__Exercise instructions__:
Pictures aside, please retype the whole listing word for word.
____ Raw data
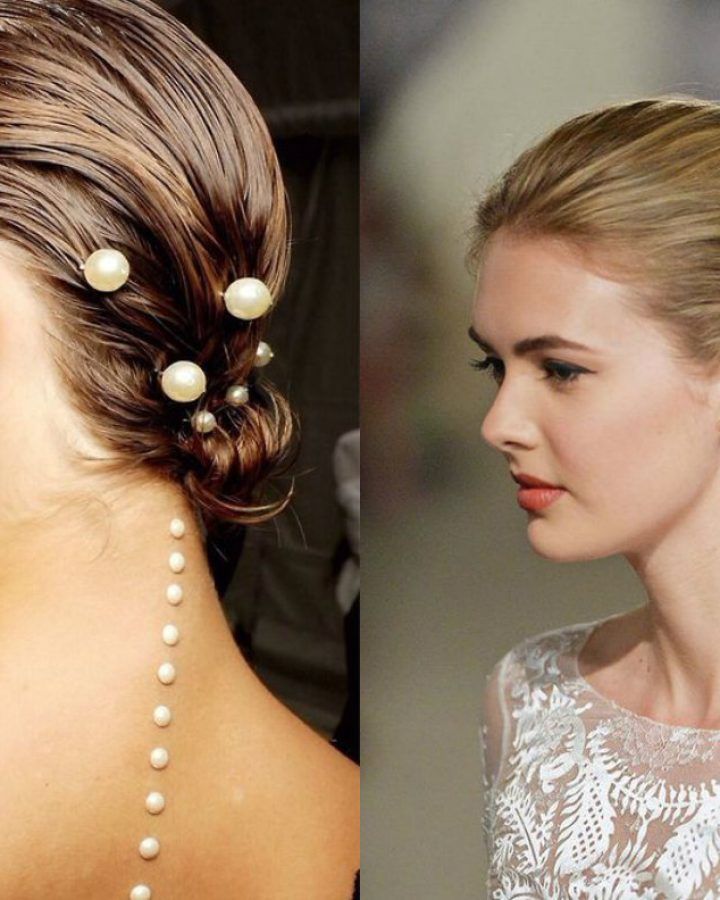 20 Best Pearls Bridal Hairstyles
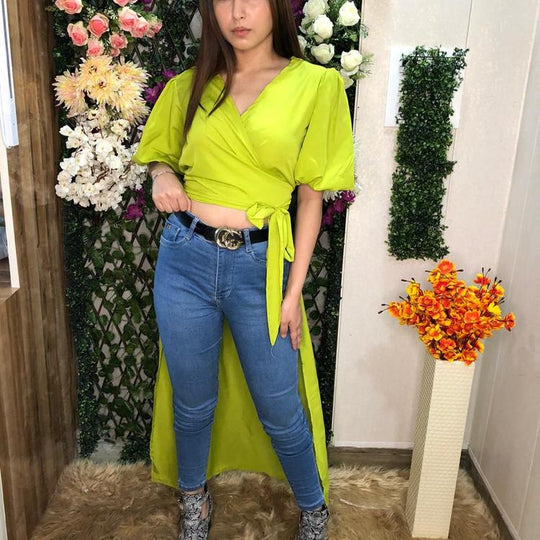 Carol Wrap Around high Low top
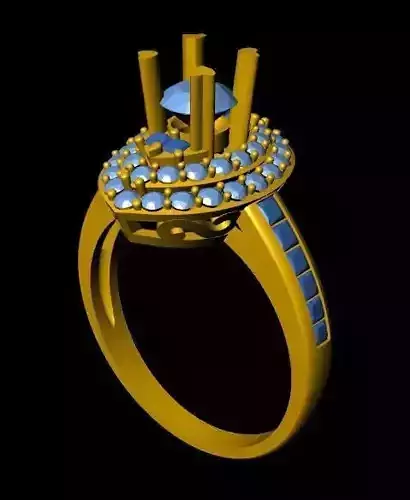 DiamondRing 18K WhiteGold Outstanding Brilliance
________
__Response area__:
 20 Best Pearls Bridal Hairstyles
 Carol Wrap Around high Low top
 DiamondRing 18K WhiteGold Outstanding Brilliance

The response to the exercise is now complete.